Complete Text data preprocessing in Python

More than 99% of the data present in this world is in unstructured format such as text, images, audio and videos. Among these text data is commonly encountered in various domains like social media, customer reviews, emails, and documents. Raw data is often messy making it unsuitable for direct use in machine learning modelling or data analysis. In this blog we will be going to perform text data preprocessing in python which will transform our unstructured text into meaningful, structured data.

Table of Contents

Implementation of Text Data Preprocessing in Python

1. Data Collection

First of all, you have to download the Elon musk Tweet dataset from the Kaggle platform. The dataset contains tweets related to Elon musk companies. There are 36 columns present in this dataset and more than 10K+rows.

Once the dataset is download you have to upload the CSV files in the Google Colab environment.

2. Install and import all the necessary libraries.

Second step is to install all the necessary libraries with the help of below command.

!pip install -q wordcloud emoji

wordcloud helps to visualize the textual data.
emoji help us to detect any emojis present in the text.

Once the libraries are downloaded the next step is import all these necessary libraries.

import pandas as pd
import matplotlib.pyplot as plt
import seaborn as sns
import numpy as np
import emoji
from wordcloud import WordCloud, STOPWORDS
import re
import nltk
from nltk.corpus import stopwords #corpora
from nltk.stem import WordNetLemmatizer
from nltk.tokenize import word_tokenize
import warnings
warnings.filterwarnings('ignore')

pandas library is used for loading various types of dataset and perform data cleaning operations.
matplotlib and seaborn library is used for the data visualization purpose.
numpy is used for the mathematical calculation.
emojis for detecting the emojis in the text.
Wordcloud is used for the visualizing the text data.
stopwords are the most common words present in the document such as is, am, are…..
re is a regular expression module used for defining the pattern in order to extract the data.
nltk is responsible for the text data preprocessing.
WordNetLemmatizer is used for apply lemmatization (converting the words to their root form). For example – reduced will be converted to reduce.
word_tokenize function is used for the tokenization purpose.

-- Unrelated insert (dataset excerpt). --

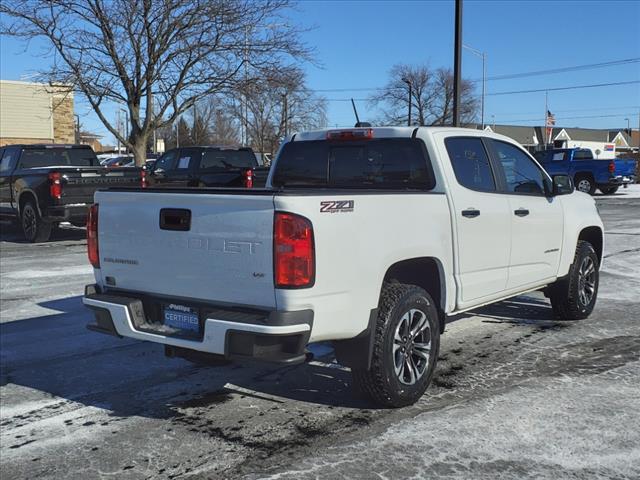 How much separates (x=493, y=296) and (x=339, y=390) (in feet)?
5.00

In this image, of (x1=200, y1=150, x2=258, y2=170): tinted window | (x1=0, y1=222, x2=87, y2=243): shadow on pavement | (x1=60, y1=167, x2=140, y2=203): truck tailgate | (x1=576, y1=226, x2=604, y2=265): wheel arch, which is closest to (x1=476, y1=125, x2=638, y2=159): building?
(x1=200, y1=150, x2=258, y2=170): tinted window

After that you have to download some packages from nltk. Here punkt, punkt_tab is a tokenizer, and word net is the lemmatizer.

nltk.download('stopwords')
nltk.download('punkt')
nltk.download('punkt_tab')
nltk.download('wordnet')

2. Load the dataset and perform basic data exploration

The second step is to load the dataset using the pandas library.

df=pd.read_csv("Tesla.csv")
df.head()

There are 36 columns present in the dataset. from that only two are needed which is created_at and tweet column.

df=df[['created_at','tweet']]
df.head()

The next step is to check for the shape and info about the dataset.

print(df.shape)  # (10016, 2)
print(df.info())

The created_at column is of float type and tweet is of object type.

The next step is to check for the missing values and the duplicate values. In this dataset there are no duplicate or missing values in it.

print(df.isna().sum())
print(df.duplicated().sum())

Next step is to define the contractions list. Here the contractions words are expanded into their full form. Additionally the slang words and their full form are given in dictionary format.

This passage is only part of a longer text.